El Diario Vasco, 1981-08-30

 

      Un buen día —hace cientos de miles de años— el hombre descubrió la forma de producir y manejar el fuego.

      El terror causado entre los humanos por aquella temerosa experiencia llegó hasta la civilización helénica, dando origen el mito de Prometeo, condenado, como se sabe, a mil años de torturas por haber robado un chispa de la fragua de Vulcano.

      Pero ¿qué hubiese sido del hombre —este mono desnudo— sin el invento del fuego?

      Por muchos que fuesen los temores que semejante invención inspiró en aquellos lejanísimos tiempos, la utilización del fuego resultó ser una condición necesaria para que lo que hoy llamamos civilización pudiera existir.

      Ahora —frente a una encrucijada del vivir humano— parece que se nos quiere convencer de que el manejo de la energía nuclear es algo absolutamente necesario para que esa misma civilización pueda continuar adelante.

      Sin embargo, los temores atómicos están plenamente justificados, aunque no sea más que por el hecho de que ningún científico se halla actualmente en condiciones de prever las consecuencias que todo este proceso de activación y de industrialización de la energía nuclear va a traer para la especie humana.

      Notemos que la aventura nuclear no es sino una parte relativamente pequeña de toda una gran máquina de destrucción de la Naturaleza, que está operando «desde ya» con resultados visiblemente catastróficos para la vida en el planeta. El mundo natural está siendo degradado en gran escala y esta degradación parece además tener un carácter irreversible en muchos de sus efectos ya patentes.

      Por el empleo de técnicas destructivas y la explotación desaforada de los recursos naturales, el hombre está a punto de aniquilar su propio «habitat» y el «ecos» de los demás seres vivos, animales y plantas.

      No hay en esta afirmación ninguna exageración, ninguna fantasía. Los hechos se amontonan, desgraciadamente, para darnos la razón.
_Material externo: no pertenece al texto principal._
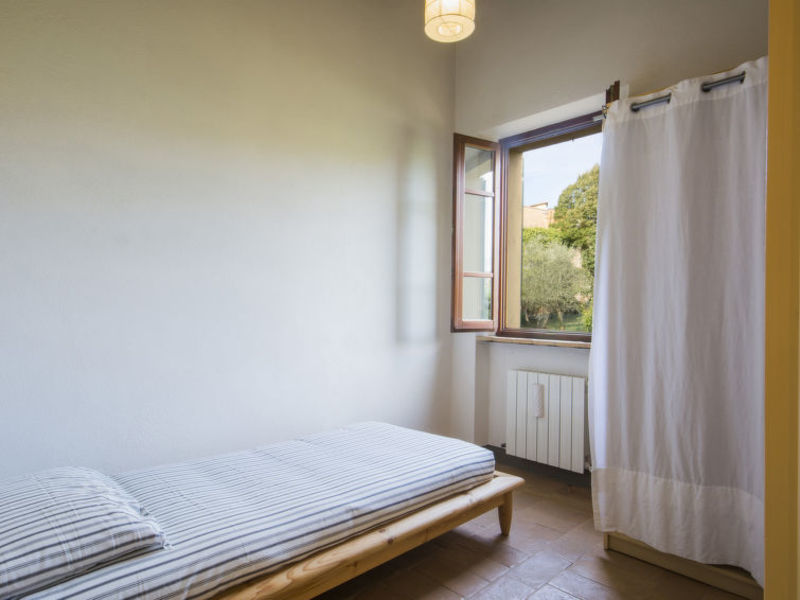 Dietro Le Mura House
Se producen por decirlo así, todos los días, sin que nadie tenga derecho a ignorarlos: polución en todos los niveles y ámbitos terrestres; mareas negras; atmósferas contaminadas; exterminación y agotamiento de especies; intoxicaciones colectivas; acumulación imparable de residuos radioactivos; insuficiencia de espacios,... etcétera.

      No se trata pues de vagos temores por algo que pueda ocurrir en un futuro más o menos lejano, sino de cosas desastrosas que están ocurriendo ya, aquí y ahora, y que bastan por sí mismas para causar pavor.

      Por otra parte, a causa del crecimiento demográfico y del agotamiento de los recursos tanto energéticos como de materias primas, el género humano se está acercando a un período de gran escasez y penuria. Como decía hace unos años nuestro amigo el filósofo-científico francés Dominique Dubarle en un artículo publicado en la revista «Comprendre»: «la humanidad en crecimiento está ya perfectamente advertida de que el volumen de lo humano está llegando al punto de saturación».

      Hasta ahora la Naturaleza nos parecía infinita e inagotable. Hoy en cambio —en frase de Paul Valéry— estamos empezando trágicamente a vivir «la Era de lo finito».

      Resulta de todo esto que los ecologistas tienen plenamente razón cuando tratan de llevar al ánimo de los demás ciudadanos el carácter verdaderamente dramático de la situación actual.

      En vano intentan algunos realistas de vía estrecha sacudirse a los ecologistas, alegando que entre estos proliferan los demagogos y los agitadores políticos de todo género. Esto puede ser cierto y —a mi modesto juicio— lo es. Pero la enorme realidad y gravedad de muchos de los problemas que estos hombres plantean no hay quien se la sacuda.

      Merecería quizás una atención mucho mayor que la que ordinariamente se le presta por parte de los dirigentes de nuestros pueblos.

      El realismo de la necesidad inmediata no es el único realismo válido. (Central de Lemoiz) tenemos derecho a exigir una visión más amplia de las cosas.